24 ene. 2014

Breve, pero intensa, de Agustín Mañero

 
BREVE, PERO INTENSA

María Dolores Vargas, “La Corralera”, se casó a los dieciocho años.

María Dolores Vargas, “La Corralera”, fue madre a los diecisiete y María Dolores Vargas, “La Corralera”, abandonó definitivamente su hogar a los dieciséis.

Por la necesidad, el hambre y la sordidez del ambiente, lo tenía decidido desde los quince, pero María Dolores Vargas, “La Corralera”, lo retrasó un año.

A los catorce, perdió el virgo. La virginidad, ya la tenía perdida.

A los trece años, se escapó por unos días de la corrala, huyendo del acoso de Toñín, “El Churumbel”, primo hermano suyo que quería empujarla contra la tapia de la huerta del “Tío Melones”.

Con doce años, María Dolores Vargas, “La Corralera”, ejercía de alcahueta.

Con once, ejercía de alcahueta, pero sin saberlo.

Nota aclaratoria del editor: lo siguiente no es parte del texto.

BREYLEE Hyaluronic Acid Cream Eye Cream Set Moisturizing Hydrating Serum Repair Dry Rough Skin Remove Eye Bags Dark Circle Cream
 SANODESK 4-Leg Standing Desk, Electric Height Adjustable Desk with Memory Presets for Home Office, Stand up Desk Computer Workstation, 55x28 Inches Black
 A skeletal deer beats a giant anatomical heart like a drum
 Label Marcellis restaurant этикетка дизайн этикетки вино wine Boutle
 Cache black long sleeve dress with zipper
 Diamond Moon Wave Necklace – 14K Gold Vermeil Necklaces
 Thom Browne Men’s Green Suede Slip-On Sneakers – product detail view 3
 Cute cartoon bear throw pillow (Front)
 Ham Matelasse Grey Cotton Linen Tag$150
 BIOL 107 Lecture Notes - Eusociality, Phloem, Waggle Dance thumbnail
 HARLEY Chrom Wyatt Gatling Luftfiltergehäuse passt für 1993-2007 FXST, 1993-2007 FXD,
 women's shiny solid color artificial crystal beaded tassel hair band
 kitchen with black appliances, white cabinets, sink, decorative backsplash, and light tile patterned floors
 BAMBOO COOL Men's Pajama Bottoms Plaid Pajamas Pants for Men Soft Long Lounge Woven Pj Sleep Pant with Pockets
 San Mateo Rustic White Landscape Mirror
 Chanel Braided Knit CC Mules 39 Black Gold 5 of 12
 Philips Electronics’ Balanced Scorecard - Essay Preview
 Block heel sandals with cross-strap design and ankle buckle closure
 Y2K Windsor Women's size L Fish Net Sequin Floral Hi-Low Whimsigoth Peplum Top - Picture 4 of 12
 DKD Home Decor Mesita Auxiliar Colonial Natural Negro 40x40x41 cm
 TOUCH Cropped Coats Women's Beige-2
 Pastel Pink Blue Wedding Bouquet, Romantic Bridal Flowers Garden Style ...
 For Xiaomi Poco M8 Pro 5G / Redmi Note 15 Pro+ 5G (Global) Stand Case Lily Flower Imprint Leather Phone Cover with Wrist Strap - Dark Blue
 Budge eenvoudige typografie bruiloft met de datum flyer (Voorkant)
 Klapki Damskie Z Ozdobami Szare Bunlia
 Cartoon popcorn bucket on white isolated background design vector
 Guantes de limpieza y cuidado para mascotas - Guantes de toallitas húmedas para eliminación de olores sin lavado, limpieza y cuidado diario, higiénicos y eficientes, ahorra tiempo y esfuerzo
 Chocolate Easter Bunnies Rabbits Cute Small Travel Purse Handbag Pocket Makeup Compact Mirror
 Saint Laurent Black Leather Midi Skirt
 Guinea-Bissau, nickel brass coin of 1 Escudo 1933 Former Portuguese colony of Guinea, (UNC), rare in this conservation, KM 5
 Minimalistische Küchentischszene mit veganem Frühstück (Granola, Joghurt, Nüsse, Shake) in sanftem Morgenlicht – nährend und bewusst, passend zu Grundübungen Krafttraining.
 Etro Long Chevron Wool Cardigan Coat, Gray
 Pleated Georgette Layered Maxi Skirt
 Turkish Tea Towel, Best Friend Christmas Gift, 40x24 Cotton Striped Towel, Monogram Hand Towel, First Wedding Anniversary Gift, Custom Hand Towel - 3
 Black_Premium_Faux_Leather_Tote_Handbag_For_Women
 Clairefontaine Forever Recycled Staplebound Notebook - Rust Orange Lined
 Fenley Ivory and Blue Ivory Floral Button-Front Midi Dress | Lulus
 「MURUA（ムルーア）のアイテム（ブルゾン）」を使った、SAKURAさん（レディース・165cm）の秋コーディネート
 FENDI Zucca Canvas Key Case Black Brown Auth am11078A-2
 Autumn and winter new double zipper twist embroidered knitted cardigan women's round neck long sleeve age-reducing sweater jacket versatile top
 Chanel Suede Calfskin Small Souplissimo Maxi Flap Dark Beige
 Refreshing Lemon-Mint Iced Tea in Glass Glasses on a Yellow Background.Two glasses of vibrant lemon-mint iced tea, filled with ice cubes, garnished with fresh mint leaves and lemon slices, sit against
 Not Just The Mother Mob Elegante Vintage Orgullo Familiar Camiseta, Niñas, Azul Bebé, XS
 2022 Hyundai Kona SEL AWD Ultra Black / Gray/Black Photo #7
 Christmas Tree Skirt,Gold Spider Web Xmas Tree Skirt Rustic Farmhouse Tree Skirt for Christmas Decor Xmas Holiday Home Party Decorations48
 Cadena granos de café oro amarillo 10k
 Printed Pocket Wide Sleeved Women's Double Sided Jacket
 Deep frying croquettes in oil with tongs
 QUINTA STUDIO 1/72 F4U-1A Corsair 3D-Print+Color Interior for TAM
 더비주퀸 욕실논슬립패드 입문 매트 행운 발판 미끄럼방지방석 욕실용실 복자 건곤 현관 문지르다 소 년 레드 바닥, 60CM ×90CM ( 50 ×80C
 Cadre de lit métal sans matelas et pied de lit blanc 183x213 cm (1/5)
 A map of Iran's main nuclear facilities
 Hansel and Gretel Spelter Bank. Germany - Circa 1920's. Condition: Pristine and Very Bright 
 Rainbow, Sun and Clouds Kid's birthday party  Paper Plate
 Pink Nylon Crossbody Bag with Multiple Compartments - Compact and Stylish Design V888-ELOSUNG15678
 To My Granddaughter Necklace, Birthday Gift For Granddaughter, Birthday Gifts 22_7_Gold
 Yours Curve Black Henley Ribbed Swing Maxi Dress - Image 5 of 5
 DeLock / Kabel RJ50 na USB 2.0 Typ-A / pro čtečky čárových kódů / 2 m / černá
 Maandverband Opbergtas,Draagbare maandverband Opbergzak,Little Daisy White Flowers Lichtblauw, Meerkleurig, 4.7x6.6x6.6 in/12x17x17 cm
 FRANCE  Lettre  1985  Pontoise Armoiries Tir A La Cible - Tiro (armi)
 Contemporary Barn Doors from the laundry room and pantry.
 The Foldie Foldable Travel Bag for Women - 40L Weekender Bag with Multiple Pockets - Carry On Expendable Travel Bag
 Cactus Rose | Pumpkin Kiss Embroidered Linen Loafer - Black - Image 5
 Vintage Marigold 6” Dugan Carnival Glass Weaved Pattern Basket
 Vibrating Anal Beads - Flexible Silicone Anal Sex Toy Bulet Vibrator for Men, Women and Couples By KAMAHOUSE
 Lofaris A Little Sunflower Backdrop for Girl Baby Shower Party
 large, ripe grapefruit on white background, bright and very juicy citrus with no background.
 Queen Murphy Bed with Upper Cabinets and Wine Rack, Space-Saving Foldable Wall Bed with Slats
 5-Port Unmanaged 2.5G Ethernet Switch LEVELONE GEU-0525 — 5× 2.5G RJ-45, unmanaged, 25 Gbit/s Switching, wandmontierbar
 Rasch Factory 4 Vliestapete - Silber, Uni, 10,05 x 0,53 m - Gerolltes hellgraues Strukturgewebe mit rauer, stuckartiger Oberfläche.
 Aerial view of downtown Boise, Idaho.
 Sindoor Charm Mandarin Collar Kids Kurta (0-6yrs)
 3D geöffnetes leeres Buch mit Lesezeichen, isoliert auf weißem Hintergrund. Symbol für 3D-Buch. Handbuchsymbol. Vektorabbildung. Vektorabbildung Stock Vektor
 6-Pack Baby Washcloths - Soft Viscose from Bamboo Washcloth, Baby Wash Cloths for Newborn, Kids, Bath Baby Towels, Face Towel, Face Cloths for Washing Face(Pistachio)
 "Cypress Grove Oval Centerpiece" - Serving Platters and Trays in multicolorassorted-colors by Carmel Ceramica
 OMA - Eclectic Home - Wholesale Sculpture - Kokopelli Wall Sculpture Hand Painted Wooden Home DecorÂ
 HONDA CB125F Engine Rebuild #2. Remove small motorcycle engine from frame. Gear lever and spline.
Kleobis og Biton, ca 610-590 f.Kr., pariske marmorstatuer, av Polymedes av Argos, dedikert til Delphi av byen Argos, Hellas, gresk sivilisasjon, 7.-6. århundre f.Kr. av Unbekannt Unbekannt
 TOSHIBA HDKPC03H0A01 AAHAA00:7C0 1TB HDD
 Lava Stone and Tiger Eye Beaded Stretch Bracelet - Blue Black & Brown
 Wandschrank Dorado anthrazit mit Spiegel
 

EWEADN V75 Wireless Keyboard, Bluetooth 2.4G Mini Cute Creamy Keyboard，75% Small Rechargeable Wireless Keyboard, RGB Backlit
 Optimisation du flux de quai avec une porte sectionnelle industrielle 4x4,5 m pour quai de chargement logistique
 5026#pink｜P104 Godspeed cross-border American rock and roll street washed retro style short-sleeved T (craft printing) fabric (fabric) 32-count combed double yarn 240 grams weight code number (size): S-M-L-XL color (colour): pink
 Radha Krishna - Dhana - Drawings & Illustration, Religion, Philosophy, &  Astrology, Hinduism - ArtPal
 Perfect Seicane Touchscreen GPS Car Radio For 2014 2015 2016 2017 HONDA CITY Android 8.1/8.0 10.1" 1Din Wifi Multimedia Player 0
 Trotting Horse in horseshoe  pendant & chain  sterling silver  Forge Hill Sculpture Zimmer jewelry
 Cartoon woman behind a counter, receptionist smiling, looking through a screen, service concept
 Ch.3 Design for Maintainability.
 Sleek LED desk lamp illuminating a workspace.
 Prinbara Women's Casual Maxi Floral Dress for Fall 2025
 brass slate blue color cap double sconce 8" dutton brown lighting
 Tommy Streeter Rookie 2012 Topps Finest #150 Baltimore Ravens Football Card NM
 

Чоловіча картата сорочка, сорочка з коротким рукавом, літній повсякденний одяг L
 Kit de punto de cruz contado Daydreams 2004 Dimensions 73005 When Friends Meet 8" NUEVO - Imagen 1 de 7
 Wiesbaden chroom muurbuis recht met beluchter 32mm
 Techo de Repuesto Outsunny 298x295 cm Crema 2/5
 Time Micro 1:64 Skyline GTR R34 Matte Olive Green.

A los diez, jugaba con otros niños y robaba en mercados y chatarrerías.

Apenas tenía nueve años y ya cuidaba de sus hermanos, los churumbeles de “La Palmera”, su madre, mientras ésta manejaba sus “dátiles” aligerando carteras.

Los ocho estuvieron ocupados por aprendizajes varios: acarrear leña, llenar el botijo y lavar sus bragas. Hasta entonces no las había tenido.

Alguien quiso que a los siete, María Dolores Vargas, “La Corralera” hiciese la primera comunión. Fue un intento fallido. Por entonces, comenzó a competir con los chicos para ver quién meaba más lejos. Alguna vez, ganó.

Con seis años, jugaba a papás y mamás, a médicos y enfermeras. Fue entonces cuando su mente tomó conciencia de la desigualdad anatómica que siempre había visto, pero no meditado.

A los cinco ya tiraba piedras a los perros y a los vecinos. La Guardia Civil tampoco se libró de algún cantazo suyo.

Llegando a los cuatro añitos se sorbía los mocos.

Aunque ella ya no se acordaba, con tres, jugaba con barro. Para hacer la pasta hacía “pis” en la tierra.

¿Con dos años? Pues al cumplirlos, disputaba por la teta. Había dos tetas donde chupar y tres bocas para hacerlo. La suya, la del “Canillas”, compañero de su madre, y la de don Servando, un abuelo en la familia, viejo y desdentado, que, de vez en cuando y con pretexto de alimentarse, también le daba un tiento a los pezones de “La Palmera”.

¿Y con uno? ¿Qué va a hacer una niña a esa edad, aunque ésta se llame María Dolores Vargas “La Corralera”? Pues lo que hacen todos los pequeños a esa edad. ¡Eso sí! Aquel año no tuvo que competir por la teta.

¿Y al nacer? Al nacer no se puede pensar, pero de haber sabido lo que le esperaba, María Dolores Vargas “La Corralera” se hubiese vuelto por donde salió: al abrigo uterino.